SHUN’S LONGEST CHEF’S KNIFE
Some cooks simply prefer a longer chef’s knife. For them, we offer the Shun Classic 10-inch Chef’s Knife. The longer blade provides additional cutting leverage and is especially handy when it comes to cutting larger foods. That said, it is an all-purpose blade ideal for a wide variety of cutting tasks—slicing, dicing, and chopping just about anything in the kitchen. The longer blade also enables you to cut more product with fewer strokes—for example, cutting several carrots at once instead of just one. This is especially important for the productivity of commercial kitchens. Even though this is a larger knife, Shun Classic’s thinner blades makes it lighter and less tiring to use than comparable European-style Chef’s knives.

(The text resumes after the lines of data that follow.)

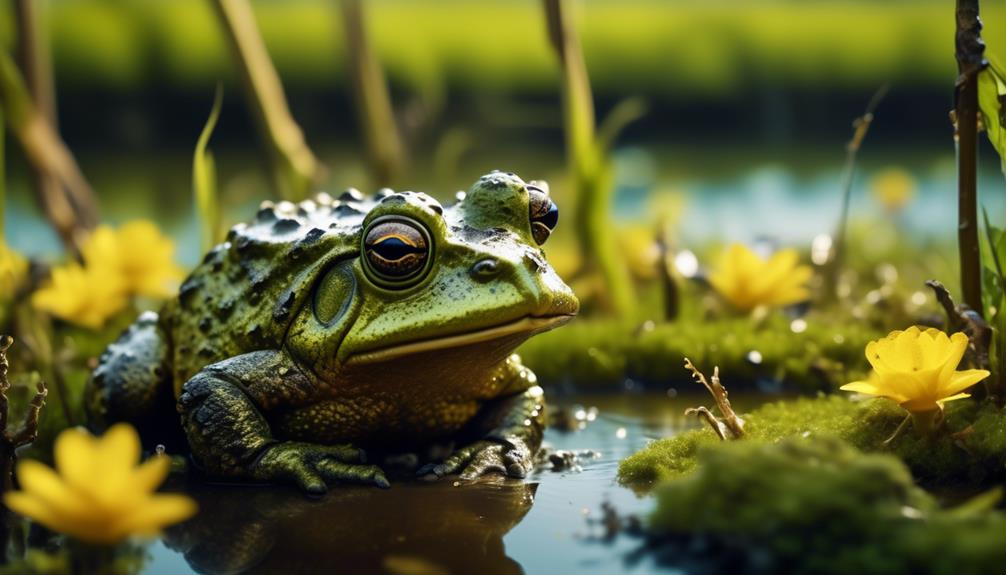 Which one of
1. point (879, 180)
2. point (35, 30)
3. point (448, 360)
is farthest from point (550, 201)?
point (879, 180)

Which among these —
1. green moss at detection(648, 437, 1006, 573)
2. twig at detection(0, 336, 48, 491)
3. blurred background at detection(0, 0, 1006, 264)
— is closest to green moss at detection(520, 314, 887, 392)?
green moss at detection(648, 437, 1006, 573)

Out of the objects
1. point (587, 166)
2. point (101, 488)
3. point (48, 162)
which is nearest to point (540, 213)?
point (101, 488)

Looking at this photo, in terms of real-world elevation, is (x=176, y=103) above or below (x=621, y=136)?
above

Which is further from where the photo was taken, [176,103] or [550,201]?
[176,103]

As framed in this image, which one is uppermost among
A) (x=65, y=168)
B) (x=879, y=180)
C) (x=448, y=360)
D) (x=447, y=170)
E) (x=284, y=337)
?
(x=65, y=168)

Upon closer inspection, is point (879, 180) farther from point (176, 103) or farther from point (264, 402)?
point (176, 103)

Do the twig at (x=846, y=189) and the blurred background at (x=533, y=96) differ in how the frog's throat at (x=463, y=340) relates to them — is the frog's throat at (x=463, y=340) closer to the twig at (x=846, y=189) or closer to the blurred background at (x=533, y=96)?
the twig at (x=846, y=189)

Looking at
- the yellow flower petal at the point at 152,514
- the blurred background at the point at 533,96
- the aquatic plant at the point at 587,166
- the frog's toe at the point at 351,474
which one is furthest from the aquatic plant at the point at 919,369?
the blurred background at the point at 533,96

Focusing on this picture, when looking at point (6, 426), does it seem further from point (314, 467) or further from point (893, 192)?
point (893, 192) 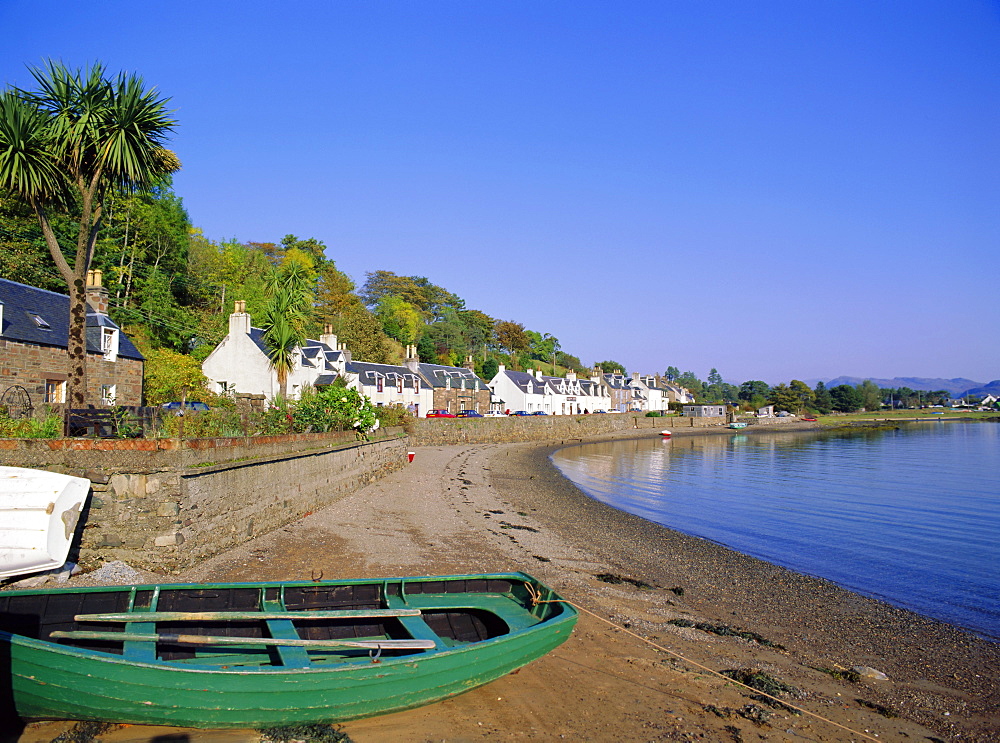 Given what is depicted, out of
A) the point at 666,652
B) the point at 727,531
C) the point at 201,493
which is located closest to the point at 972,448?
the point at 727,531

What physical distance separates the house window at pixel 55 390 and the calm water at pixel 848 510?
65.5 ft

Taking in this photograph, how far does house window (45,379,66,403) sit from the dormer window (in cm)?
185

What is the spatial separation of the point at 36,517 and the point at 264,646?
417cm

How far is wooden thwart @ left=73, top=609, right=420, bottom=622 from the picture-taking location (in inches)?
269

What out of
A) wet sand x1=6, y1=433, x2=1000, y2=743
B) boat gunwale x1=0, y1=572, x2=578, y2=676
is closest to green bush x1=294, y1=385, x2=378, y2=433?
wet sand x1=6, y1=433, x2=1000, y2=743

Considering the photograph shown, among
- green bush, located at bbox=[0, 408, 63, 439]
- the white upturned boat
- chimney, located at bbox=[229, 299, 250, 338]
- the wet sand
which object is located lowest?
the wet sand

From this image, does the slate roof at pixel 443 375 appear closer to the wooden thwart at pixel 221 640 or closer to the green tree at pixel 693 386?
the wooden thwart at pixel 221 640

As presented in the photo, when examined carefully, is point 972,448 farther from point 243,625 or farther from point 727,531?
point 243,625

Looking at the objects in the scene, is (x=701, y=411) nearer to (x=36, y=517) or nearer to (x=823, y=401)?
(x=823, y=401)

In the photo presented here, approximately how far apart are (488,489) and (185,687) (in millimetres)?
19488

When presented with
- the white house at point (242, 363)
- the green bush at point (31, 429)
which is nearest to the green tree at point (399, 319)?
the white house at point (242, 363)

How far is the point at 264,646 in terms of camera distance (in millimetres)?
7168

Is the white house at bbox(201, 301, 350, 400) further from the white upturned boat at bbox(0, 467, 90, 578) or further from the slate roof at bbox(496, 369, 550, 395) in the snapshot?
the slate roof at bbox(496, 369, 550, 395)

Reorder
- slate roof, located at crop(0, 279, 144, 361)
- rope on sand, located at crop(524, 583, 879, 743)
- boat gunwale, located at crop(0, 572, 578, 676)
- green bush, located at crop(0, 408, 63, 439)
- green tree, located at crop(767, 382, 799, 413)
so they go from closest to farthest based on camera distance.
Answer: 1. boat gunwale, located at crop(0, 572, 578, 676)
2. rope on sand, located at crop(524, 583, 879, 743)
3. green bush, located at crop(0, 408, 63, 439)
4. slate roof, located at crop(0, 279, 144, 361)
5. green tree, located at crop(767, 382, 799, 413) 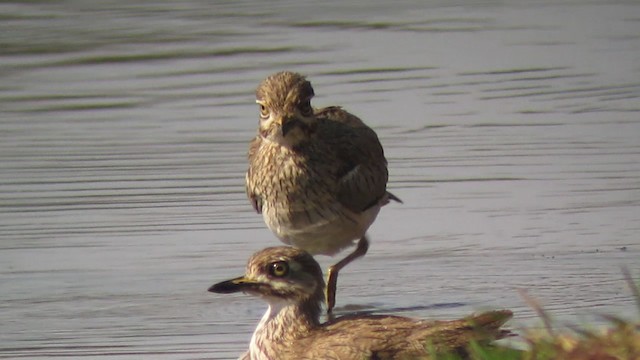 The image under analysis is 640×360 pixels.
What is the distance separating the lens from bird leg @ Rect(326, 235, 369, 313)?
39.8 feet

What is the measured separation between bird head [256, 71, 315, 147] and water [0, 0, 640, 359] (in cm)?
87

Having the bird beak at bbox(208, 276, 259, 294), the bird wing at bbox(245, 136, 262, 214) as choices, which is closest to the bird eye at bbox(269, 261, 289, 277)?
the bird beak at bbox(208, 276, 259, 294)

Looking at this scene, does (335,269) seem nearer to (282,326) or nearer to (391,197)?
(391,197)

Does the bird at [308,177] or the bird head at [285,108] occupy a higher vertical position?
the bird head at [285,108]

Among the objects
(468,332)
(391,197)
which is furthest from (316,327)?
(391,197)

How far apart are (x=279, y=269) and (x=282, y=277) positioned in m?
0.05

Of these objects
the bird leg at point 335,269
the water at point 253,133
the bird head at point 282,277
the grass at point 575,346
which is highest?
the grass at point 575,346

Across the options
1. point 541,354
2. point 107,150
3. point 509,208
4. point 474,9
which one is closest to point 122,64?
point 107,150

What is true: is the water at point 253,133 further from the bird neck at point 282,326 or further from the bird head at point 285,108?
the bird head at point 285,108

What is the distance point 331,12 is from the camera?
20.9 m

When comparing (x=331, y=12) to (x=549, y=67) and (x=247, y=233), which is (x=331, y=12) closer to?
(x=549, y=67)

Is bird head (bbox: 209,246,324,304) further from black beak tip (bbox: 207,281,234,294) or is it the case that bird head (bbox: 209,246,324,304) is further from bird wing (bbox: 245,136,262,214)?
bird wing (bbox: 245,136,262,214)

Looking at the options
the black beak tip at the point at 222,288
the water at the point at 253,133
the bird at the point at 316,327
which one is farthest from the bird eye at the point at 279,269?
the water at the point at 253,133

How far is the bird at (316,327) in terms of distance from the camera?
9219 millimetres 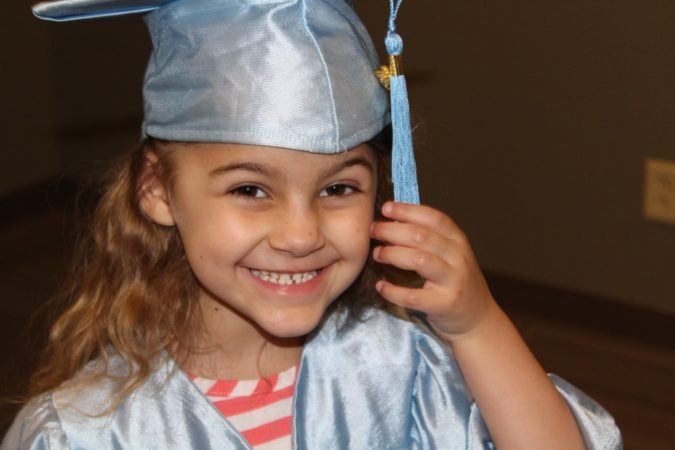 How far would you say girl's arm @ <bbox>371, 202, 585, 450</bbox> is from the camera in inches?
48.5

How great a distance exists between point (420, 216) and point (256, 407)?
1.14 ft

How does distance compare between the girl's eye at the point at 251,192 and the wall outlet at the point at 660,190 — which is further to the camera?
the wall outlet at the point at 660,190

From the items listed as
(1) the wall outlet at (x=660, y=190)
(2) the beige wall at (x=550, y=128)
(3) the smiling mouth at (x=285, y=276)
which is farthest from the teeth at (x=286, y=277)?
(1) the wall outlet at (x=660, y=190)

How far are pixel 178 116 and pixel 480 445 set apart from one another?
54 centimetres

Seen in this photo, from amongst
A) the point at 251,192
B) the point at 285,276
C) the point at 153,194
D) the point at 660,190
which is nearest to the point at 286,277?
the point at 285,276

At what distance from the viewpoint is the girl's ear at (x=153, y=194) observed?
136 centimetres

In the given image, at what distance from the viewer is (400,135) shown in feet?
4.09

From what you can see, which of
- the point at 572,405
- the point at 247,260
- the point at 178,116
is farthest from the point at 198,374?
the point at 572,405

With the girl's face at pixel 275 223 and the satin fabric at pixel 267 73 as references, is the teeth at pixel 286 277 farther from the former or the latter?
the satin fabric at pixel 267 73

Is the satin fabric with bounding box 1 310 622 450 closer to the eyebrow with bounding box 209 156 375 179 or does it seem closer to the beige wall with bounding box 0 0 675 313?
the eyebrow with bounding box 209 156 375 179

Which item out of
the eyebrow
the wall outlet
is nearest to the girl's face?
the eyebrow

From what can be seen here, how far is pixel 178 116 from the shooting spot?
1.25m

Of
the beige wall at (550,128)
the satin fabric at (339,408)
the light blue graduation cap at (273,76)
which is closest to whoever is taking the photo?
the light blue graduation cap at (273,76)

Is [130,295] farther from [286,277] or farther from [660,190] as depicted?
[660,190] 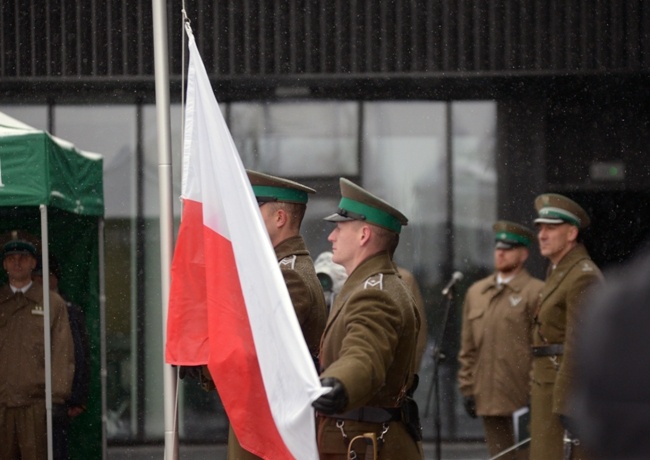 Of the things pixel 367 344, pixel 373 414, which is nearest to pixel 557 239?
pixel 373 414

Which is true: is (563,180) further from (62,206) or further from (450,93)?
(62,206)

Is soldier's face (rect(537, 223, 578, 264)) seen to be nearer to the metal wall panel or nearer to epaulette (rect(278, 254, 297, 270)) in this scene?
epaulette (rect(278, 254, 297, 270))

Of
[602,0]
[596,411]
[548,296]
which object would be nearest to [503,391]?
[548,296]

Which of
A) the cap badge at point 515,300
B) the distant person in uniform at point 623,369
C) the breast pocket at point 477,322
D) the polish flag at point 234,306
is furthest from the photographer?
the breast pocket at point 477,322

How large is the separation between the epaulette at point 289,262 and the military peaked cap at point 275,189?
1.02 feet

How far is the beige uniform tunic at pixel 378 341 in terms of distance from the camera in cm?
459

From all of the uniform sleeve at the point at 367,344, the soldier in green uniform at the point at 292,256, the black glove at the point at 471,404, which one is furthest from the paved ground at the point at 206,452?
the uniform sleeve at the point at 367,344

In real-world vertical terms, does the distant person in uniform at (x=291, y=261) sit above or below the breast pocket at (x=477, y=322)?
above

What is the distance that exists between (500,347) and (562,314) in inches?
70.2

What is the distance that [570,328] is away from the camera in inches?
287

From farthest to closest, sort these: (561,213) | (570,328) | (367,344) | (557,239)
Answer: (561,213)
(557,239)
(570,328)
(367,344)

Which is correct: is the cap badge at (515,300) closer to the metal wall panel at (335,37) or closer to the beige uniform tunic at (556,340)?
the beige uniform tunic at (556,340)

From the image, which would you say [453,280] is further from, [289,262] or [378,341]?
[378,341]

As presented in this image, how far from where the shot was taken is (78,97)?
1068 cm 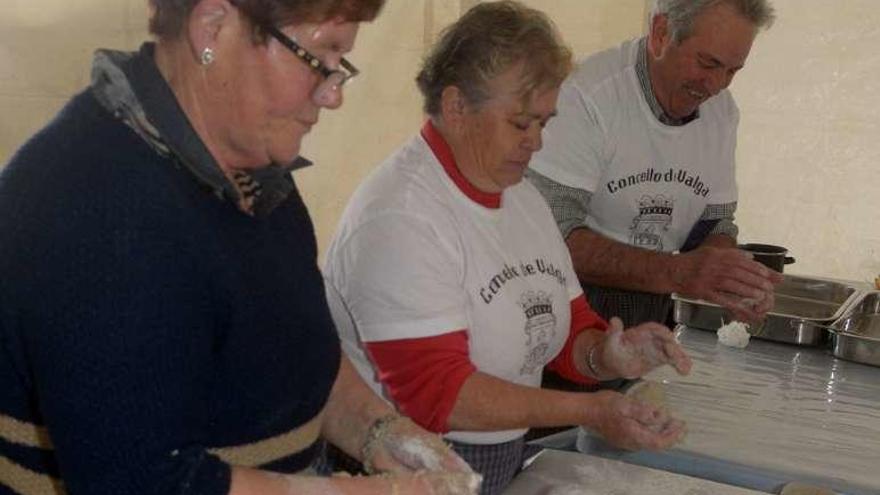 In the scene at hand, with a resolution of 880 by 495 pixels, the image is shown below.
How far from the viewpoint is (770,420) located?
1.86 metres

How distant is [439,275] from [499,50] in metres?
0.39

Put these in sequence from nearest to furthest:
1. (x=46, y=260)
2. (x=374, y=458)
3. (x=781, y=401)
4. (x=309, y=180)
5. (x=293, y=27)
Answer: (x=46, y=260), (x=293, y=27), (x=374, y=458), (x=781, y=401), (x=309, y=180)

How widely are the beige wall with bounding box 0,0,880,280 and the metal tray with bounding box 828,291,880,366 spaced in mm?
1539

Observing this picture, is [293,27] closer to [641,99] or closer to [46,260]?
[46,260]

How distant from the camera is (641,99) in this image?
243 centimetres

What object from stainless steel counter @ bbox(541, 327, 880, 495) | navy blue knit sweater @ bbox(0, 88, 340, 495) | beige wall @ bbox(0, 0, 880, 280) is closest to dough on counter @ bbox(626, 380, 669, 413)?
stainless steel counter @ bbox(541, 327, 880, 495)

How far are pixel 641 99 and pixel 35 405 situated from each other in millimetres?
1828

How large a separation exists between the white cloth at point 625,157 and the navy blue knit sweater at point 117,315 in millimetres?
1465

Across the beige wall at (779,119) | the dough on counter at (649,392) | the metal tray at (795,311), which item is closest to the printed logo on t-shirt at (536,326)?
the dough on counter at (649,392)

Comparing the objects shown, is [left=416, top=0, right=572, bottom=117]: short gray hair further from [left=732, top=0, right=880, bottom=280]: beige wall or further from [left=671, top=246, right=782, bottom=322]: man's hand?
[left=732, top=0, right=880, bottom=280]: beige wall

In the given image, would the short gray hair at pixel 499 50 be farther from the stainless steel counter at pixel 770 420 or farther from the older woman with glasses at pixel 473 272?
the stainless steel counter at pixel 770 420

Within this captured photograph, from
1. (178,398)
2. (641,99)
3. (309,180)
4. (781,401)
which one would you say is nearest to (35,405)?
(178,398)

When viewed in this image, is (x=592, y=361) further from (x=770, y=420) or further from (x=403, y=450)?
(x=403, y=450)

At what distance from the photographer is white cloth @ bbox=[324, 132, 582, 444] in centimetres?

The Shun Classic 10-in. Chef’s Knife is part of the Shun Classic line of tasteful and contemporary cutlery. The Shun Classic line features beautiful Damascus-clad blades and D-shaped ebony PakkaWood® handles. Yet behind these handcrafted knives’ beauty is function: razor-sharp blades offering top performance. Shun’s proprietary high-performance VG-MAX steel, which provides incredible edge retention, is clad with Damascus stainless steel, then ground and bead-blasted, revealing the flowing pattern of the layered steel. The result is a line of knives that are sharp, durable, and corrosion resistant, as well as beautiful to behold. The Shun Classic line also offers you the widest assortment of both traditional culinary blade shapes and cutting-edge designs, so you can always find the right knife for the task.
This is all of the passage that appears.